TC: Through our own experiments, attending workshops in Canada and Penn State, and consulting Professor Marvin Pritts at Cornell University. Getting help from our local extension agents. Bob Tomesh from the UW Extension helped orchestrate a visit of farmers from the country of Georgia to our farm. We also had visitors from Tasmania who were researching high-tunnel raspberries as part of a Winston Churchill grant.

VVK: What are some of the restaurants that use your berries?

TC: L’Etoile, Harvest, Wisconsin Cheesecakery, Bishop’s Bay Country Club, The Madison Club, Sardine, Cocoliquot, Lombardino’s, Oconomowoc Lake Club, Gilbert’s Restaurant in Lake Geneva, Michael Fields Agricultural Institute in East Troy, Hot Chocolate and North Pond, both in Chicago, and others in Madison and between Milwaukee and Chicago.

VVK: How are they to work with?

TC: The chefs that I work with are wonderful. They are flexible with [our] availability. They understand that what we do is labor intensive and the product is superior to getting raspberries from California for half the cost.

VVK: What do you love about raspberries?

TC: Raspberries are sensuous and delicious. We love it when we say raspberries and we notice people’s eyes get dreamy and their mouths form a smile.

VVK: What’s your favorite way to enjoy raspberries?

TC: Eating them fresh and noticing how long the flavor lasts in our mouth.

Raspberry Jam

By Vesna Vuynovich Kovach
Around the Table
in Brava Magazine
August 2008

Related article: Big flavor from Sow Little: Terry Cohn and Michael Johns harvest “raspberries when you least expect them”

“This recipe evolved because we didn’t like how sweet most raspberry jams are.
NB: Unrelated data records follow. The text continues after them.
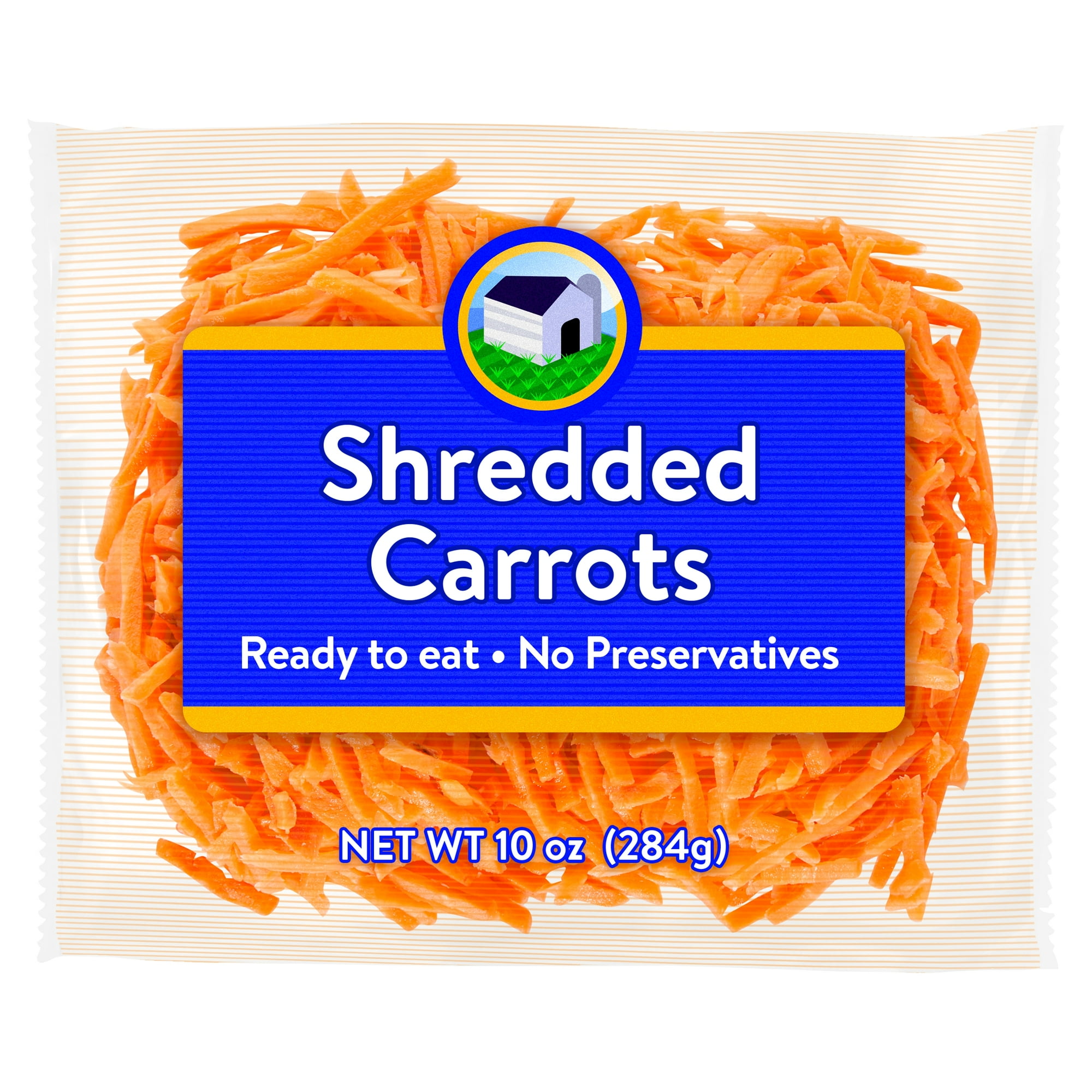 Fresh Shredded Orange Carrots, 10 Oz Bag
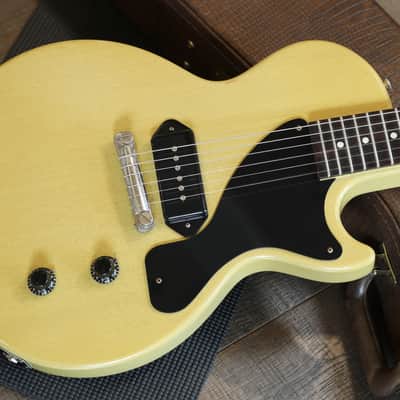 2020 Gibson Custom Shop Murphy Lab '57 Les Paul Junior Reissue Electric Guitar Ultra Light Aged TV Yellow + COA OHSC image 3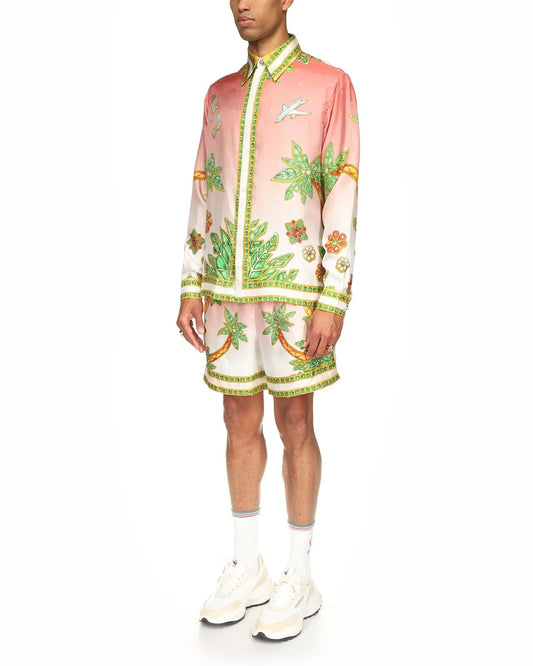 CASABLANCA || Lagos Tennis Club Silk Shirt - FASHION MYST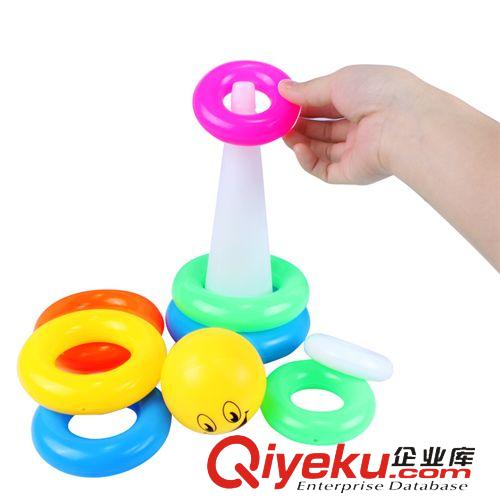 9折清倉區(qū) 廠家直銷 笑臉彩虹塔 彩虹疊疊樂 套圈疊疊塔 疊疊高套3307-4原始圖片3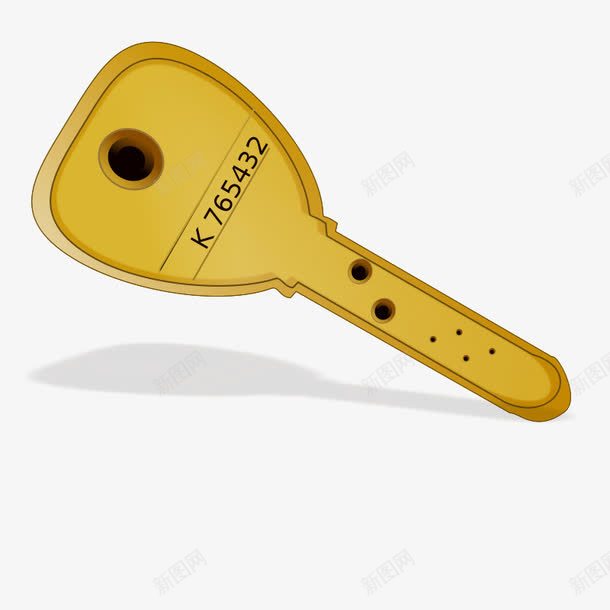 黄色带数字的钥匙png免抠素材_88icon https://88icon.com 带数字钥匙 数字 钥匙 黄色的钥匙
We like seeds in our jam and don't like it when it is thick like Jell-O,” says Terry. “Most recipes call for either more sugar than fruit or equal amounts. With less sugar, one experiences the true flavor of raspberries.” Terry tinkered till she achieved “the perfect tart-sweet combination” that’s perfect in PBJs, mixed into yogurt, or spread between layers of Linzertorte or chocolate cake.

Raspberry Jam

8 full cups crushed raspberries
5 cups sugar
1 box Sure-Jell pectin
1 teaspoon butter

Mix Sure-Jell with raspberries. Bring to a boil. Add sugar. Turn down heat and continue to cook on a low boil for 10 minutes.

To test for doneness, put a spoonful on a plate and refrigerate for about 10 seconds or until cooled. If the liquid on the spoon pours right off, continue to cook. Keep testing every three minutes until the liquid on the spoon just clings to the spoon and is slightly thickened. (The jam will thicken more after cooling.)

Turn off heat. Skim off foam.

Put jam into clean jars, leaving about 1/2 inch space to the rim. Clean the jar rim and seal with new canning lids that have been simmered in water. Tighten rings on the jars.

Boil in a water bath for 10 minutes. Remove jars to cool on newspaper. You’ll hear the lids pop when the seal forms.

Let cool 24 hours, then remove the rings from the jars.